= What you will do =
Copy every record exactly as it stands. Leave the pictures out.

(Extracted records)
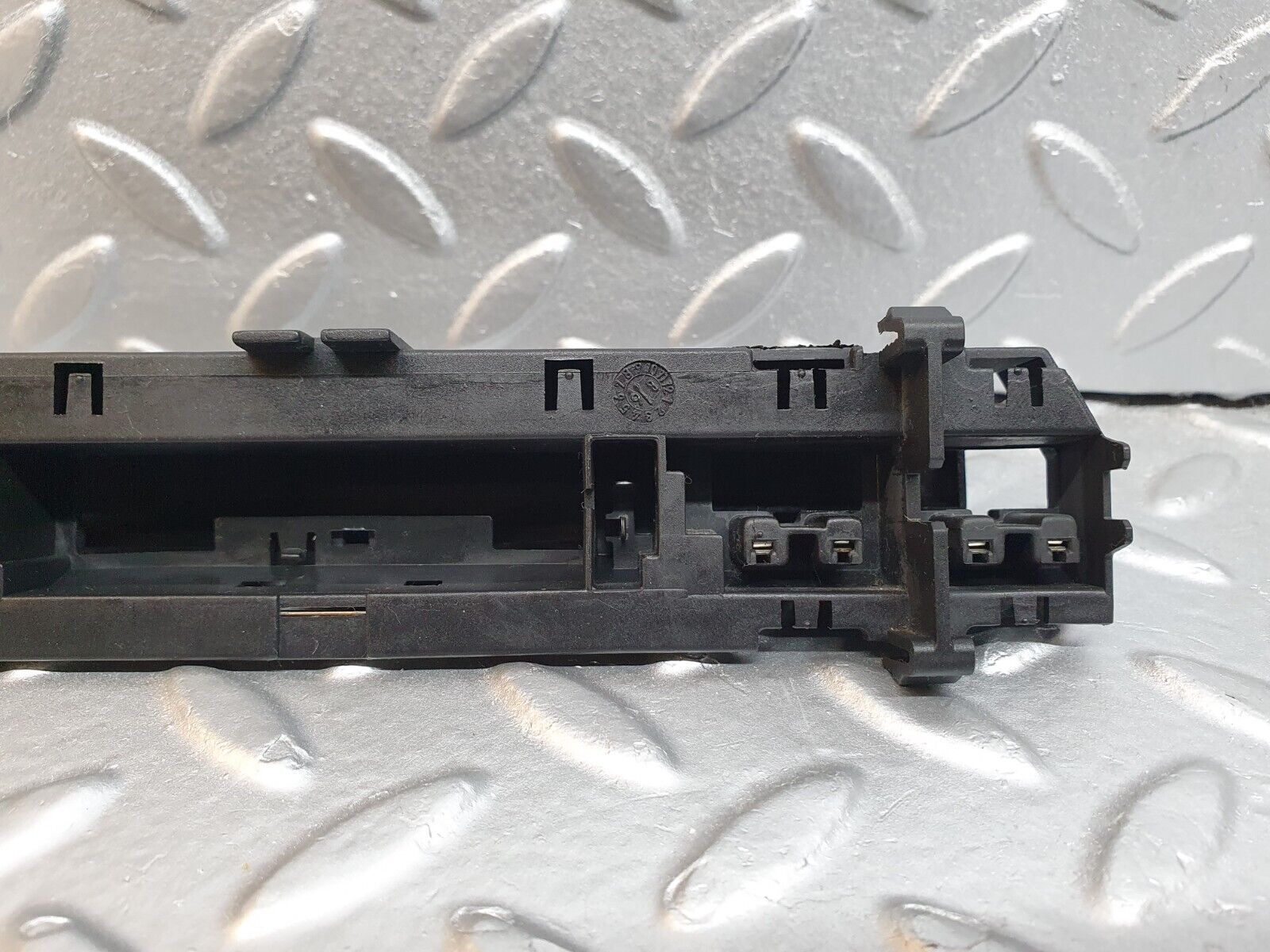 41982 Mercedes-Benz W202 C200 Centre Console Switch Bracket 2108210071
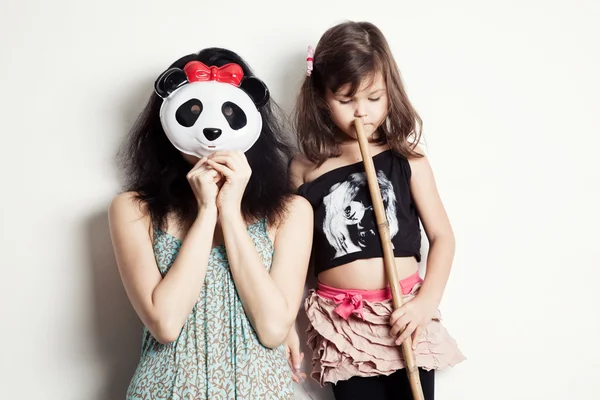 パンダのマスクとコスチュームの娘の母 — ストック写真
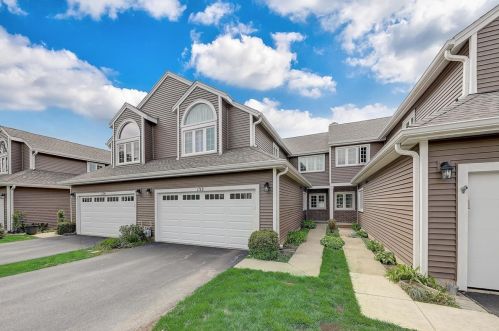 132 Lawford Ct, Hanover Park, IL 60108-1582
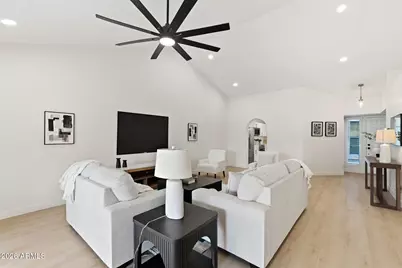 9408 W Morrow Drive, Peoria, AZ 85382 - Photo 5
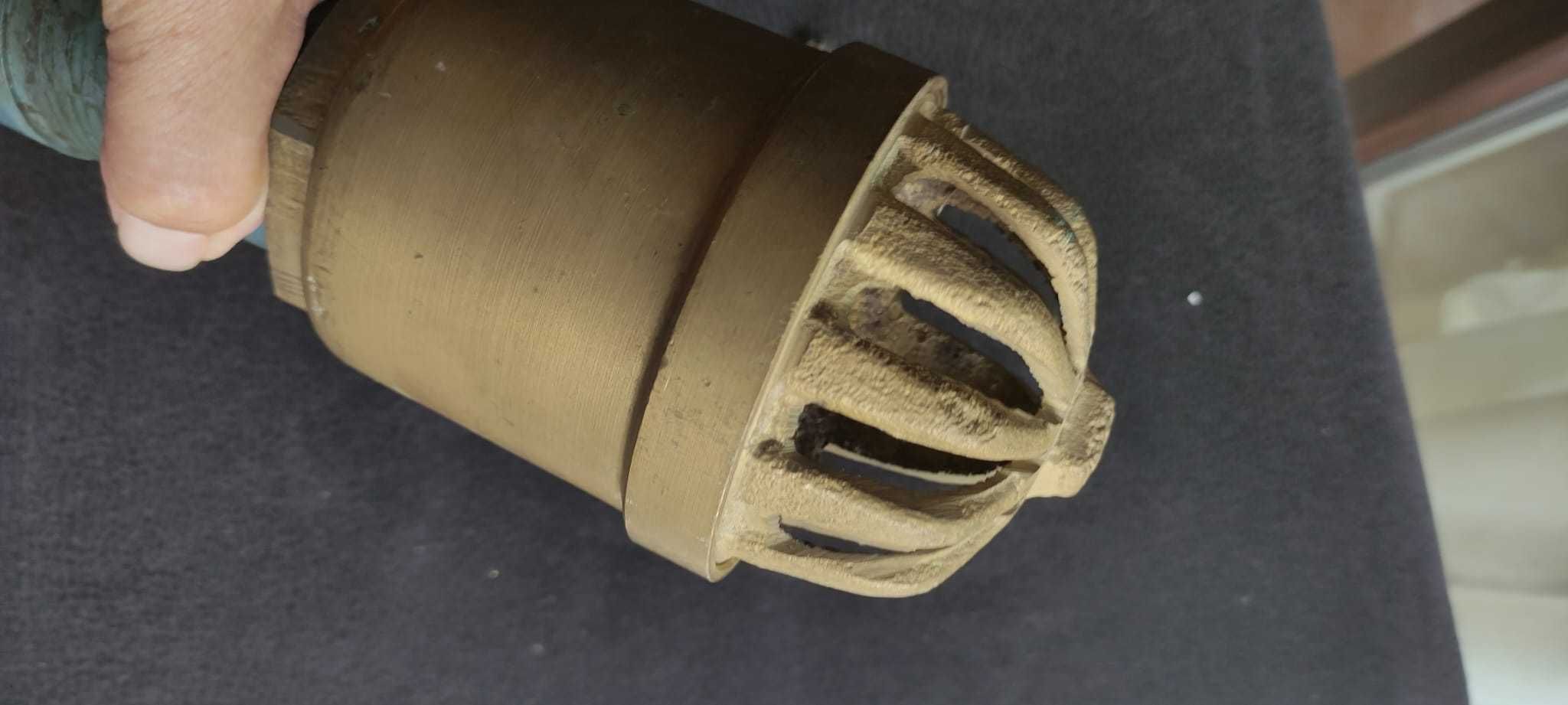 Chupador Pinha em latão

= Reply to the task =
 41982 Mercedes-Benz W202 C200 Centre Console Switch Bracket 2108210071
 パンダのマスクとコスチュームの娘の母 — ストック写真
 132 Lawford Ct, Hanover Park, IL 60108-1582
 9408 W Morrow Drive, Peoria, AZ 85382 - Photo 5
 Chupador Pinha em latão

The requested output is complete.